Generation of a Novel Mouse Model to Study Pancreatic Beta-Cell Dedifferentiation

Abstract

Compromised β-cell identity triggered by metabolic stress has been revealed as a novel mechanism of insulin insufficiency in type 2 diabetes (T2D). Previous work from our group showed increased microRNA-7 (miR-7) expression in islets of mouse models of T2D and human islets exposed to an obesogenic environment. Murine β-cell-specific overexpression of miR-7 is sufficient to causes diabetes and is accompanied with decreased expression of β-cell identity markers, thus revealing miR-7 induction as a novel mechanism impairing β-cell identity. To address if insulin-producing cells can recover their function and identity in T2D, we engineered a novel mouse enabling us to temporally compromise the identity of β-cells through doxycycline-mediated miR-7 overexpression in vivo. We report that mutant mice exposed to doxycycline (Dox) displayed a severe diabetic phenotype characterized by hyperglycemia, glucose intolerance and reduced circulating insulin levels. Strikingly, four weeks after withdrawing Dox from the diet, we observed a complete normalization of glycemia, circulating insulin as well as the number of bihormonal cells in mutant mice.
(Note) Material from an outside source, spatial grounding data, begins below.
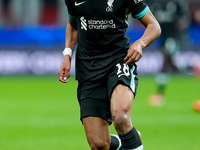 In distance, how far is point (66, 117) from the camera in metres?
11.6

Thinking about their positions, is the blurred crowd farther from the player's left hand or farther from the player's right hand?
the player's left hand

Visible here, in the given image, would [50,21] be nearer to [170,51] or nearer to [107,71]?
[170,51]

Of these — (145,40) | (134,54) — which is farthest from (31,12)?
(134,54)

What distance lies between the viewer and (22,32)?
19.8m

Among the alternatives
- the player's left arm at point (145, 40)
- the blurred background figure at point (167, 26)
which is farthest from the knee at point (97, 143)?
the blurred background figure at point (167, 26)

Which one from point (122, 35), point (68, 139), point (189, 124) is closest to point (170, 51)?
point (189, 124)

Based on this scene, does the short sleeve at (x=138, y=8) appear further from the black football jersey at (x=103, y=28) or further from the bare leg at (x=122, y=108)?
the bare leg at (x=122, y=108)

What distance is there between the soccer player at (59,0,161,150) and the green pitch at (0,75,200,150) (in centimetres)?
240

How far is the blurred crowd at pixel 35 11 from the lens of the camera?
27734 mm

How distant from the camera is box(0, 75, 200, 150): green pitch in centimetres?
884

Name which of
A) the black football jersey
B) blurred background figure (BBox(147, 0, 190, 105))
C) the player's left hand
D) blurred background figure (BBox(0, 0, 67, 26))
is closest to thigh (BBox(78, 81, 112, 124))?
the black football jersey

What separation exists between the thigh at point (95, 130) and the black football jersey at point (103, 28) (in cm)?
46

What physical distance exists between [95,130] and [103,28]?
105 centimetres

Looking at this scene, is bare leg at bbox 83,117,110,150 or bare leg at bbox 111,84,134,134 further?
bare leg at bbox 83,117,110,150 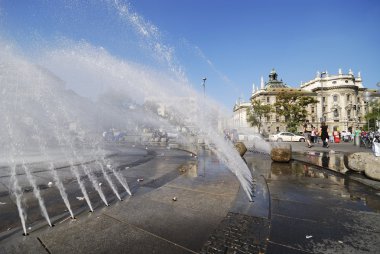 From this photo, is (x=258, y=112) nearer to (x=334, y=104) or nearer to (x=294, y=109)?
(x=294, y=109)

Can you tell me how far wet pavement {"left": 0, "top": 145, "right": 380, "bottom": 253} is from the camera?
110 inches

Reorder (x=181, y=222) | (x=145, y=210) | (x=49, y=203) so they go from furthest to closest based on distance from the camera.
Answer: (x=49, y=203) < (x=145, y=210) < (x=181, y=222)

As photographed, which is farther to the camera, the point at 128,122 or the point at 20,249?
the point at 128,122

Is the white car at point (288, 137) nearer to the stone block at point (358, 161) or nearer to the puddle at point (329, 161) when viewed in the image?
the puddle at point (329, 161)

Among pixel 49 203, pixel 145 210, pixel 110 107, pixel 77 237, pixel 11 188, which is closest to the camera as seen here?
pixel 77 237

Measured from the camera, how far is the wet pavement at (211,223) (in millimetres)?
2799

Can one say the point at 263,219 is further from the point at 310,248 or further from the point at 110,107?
the point at 110,107

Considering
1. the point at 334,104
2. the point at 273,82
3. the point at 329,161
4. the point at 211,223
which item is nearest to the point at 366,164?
the point at 329,161

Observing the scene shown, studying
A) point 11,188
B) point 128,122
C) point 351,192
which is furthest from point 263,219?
point 128,122

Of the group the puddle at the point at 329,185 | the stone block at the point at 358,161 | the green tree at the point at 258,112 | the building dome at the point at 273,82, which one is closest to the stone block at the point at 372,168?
the stone block at the point at 358,161

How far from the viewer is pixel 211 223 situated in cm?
342

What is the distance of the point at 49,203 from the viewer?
14.6 ft

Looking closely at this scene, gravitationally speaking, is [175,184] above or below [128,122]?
below

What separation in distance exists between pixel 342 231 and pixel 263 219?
1.04 metres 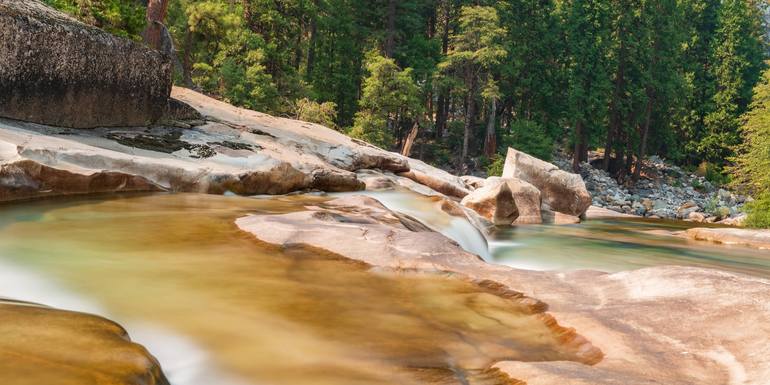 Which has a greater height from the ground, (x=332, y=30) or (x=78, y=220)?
(x=332, y=30)

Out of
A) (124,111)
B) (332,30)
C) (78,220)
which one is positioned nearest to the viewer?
(78,220)

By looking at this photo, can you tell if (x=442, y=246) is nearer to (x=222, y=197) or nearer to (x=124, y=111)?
(x=222, y=197)

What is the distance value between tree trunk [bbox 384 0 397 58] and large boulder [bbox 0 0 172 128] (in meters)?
26.1

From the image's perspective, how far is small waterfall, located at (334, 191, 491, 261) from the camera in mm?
10477

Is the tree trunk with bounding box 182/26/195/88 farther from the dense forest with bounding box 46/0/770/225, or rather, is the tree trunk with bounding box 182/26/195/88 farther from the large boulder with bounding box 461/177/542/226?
the large boulder with bounding box 461/177/542/226

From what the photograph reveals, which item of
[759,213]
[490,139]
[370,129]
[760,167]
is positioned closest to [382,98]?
[370,129]

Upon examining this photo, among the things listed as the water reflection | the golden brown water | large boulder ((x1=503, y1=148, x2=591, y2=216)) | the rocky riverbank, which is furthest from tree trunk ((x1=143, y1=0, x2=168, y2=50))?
the rocky riverbank

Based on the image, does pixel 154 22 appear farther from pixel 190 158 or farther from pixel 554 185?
pixel 554 185

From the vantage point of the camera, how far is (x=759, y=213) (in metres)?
20.8

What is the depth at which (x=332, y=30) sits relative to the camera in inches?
1515

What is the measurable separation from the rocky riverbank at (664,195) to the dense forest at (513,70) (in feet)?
5.22

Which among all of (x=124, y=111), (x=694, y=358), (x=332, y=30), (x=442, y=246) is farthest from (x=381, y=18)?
(x=694, y=358)

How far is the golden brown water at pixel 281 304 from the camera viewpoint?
3480 mm

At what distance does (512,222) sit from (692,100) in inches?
1582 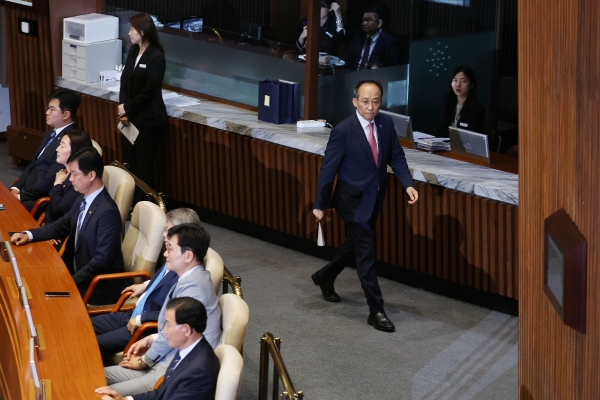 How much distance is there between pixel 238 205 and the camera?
24.1 feet

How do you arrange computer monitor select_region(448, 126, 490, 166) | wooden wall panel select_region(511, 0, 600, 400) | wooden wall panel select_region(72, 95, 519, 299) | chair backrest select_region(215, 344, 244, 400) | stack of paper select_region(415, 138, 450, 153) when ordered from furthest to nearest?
stack of paper select_region(415, 138, 450, 153) < computer monitor select_region(448, 126, 490, 166) < wooden wall panel select_region(72, 95, 519, 299) < chair backrest select_region(215, 344, 244, 400) < wooden wall panel select_region(511, 0, 600, 400)

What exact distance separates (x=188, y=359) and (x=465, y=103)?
3812mm

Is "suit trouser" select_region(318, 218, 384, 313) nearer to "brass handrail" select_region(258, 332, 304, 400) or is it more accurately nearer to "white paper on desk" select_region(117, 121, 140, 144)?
"brass handrail" select_region(258, 332, 304, 400)

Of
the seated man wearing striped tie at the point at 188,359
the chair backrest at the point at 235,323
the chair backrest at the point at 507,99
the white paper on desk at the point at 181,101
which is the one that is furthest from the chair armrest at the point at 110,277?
the chair backrest at the point at 507,99

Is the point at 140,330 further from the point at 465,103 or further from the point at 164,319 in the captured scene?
the point at 465,103

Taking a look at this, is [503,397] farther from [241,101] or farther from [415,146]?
[241,101]

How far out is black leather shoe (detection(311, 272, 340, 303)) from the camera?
6078 millimetres

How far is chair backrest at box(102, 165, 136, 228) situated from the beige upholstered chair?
0.83ft

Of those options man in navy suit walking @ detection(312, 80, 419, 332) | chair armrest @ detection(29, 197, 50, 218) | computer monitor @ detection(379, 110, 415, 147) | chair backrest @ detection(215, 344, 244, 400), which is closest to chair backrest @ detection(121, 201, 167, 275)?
man in navy suit walking @ detection(312, 80, 419, 332)

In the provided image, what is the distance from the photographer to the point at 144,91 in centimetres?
720

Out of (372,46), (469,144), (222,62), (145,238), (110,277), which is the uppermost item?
(372,46)

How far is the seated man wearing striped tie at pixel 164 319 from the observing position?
4066 millimetres

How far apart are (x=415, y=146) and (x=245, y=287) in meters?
1.61

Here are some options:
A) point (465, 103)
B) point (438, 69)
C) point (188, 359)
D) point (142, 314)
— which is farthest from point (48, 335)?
point (438, 69) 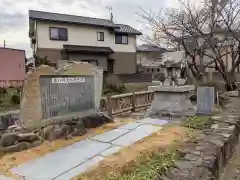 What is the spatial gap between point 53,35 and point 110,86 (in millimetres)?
7602

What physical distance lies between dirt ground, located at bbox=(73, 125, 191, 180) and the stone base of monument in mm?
1190

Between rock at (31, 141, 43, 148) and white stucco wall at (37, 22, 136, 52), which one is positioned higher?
white stucco wall at (37, 22, 136, 52)

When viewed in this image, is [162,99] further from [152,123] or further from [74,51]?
[74,51]

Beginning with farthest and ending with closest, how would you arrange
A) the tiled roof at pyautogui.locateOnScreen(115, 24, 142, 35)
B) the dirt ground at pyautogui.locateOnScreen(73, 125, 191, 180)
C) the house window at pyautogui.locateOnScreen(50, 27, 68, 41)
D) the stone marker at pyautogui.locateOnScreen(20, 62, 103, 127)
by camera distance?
the tiled roof at pyautogui.locateOnScreen(115, 24, 142, 35) < the house window at pyautogui.locateOnScreen(50, 27, 68, 41) < the stone marker at pyautogui.locateOnScreen(20, 62, 103, 127) < the dirt ground at pyautogui.locateOnScreen(73, 125, 191, 180)

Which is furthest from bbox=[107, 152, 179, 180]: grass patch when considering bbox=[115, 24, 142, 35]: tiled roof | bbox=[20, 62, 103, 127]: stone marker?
bbox=[115, 24, 142, 35]: tiled roof

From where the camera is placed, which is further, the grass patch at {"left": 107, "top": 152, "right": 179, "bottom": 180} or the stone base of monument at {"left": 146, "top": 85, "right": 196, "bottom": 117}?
the stone base of monument at {"left": 146, "top": 85, "right": 196, "bottom": 117}

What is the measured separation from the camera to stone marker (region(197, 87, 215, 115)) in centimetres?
691

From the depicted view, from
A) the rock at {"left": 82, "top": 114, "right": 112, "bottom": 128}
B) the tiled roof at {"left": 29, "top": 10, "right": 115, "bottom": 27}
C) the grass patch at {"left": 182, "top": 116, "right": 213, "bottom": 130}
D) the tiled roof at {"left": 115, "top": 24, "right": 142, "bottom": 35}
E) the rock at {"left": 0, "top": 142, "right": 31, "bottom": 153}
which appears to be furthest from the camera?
the tiled roof at {"left": 115, "top": 24, "right": 142, "bottom": 35}

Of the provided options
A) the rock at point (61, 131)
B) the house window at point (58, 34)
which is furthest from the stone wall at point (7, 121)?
the house window at point (58, 34)

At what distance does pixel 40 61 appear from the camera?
18.7 meters

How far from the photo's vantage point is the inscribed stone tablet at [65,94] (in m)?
4.79

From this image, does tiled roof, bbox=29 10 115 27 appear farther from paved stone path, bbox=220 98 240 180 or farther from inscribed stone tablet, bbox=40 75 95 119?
paved stone path, bbox=220 98 240 180

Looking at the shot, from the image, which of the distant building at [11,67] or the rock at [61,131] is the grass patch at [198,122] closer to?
the rock at [61,131]

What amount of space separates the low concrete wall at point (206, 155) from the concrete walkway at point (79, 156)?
0.99m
RNA seq analysis revealed that islets from miR-7-overexpressing mice exhibit a striking downregulation of β-cells identity markers and increased levels of α- and δ-cell specific genes. Interestingly, we measured upregulation of several genes involved in EMT, Inflammation and Stemness, pointing to a dedifferentiation of β-cells following induction of miR-7 expression. We provide novel evidence that miR-7 triggers an EMT process by repressing components of ATP-dependent chromatin remodelling complexes, altering nucleosome positioning at β-cell specific loci and ultimately causing dedifferentiation of β-cells. Together, our data reveal the mechanism underlying β-cell dedifferentiation by miR-7 and provide a proof of concept for the therapeutic efficacy of anti-miR-7 molecules in reversing β-cell dedifferentiation and improving β-cell function. Disclosure T.C.S. Mak: None. M. Latreille: None.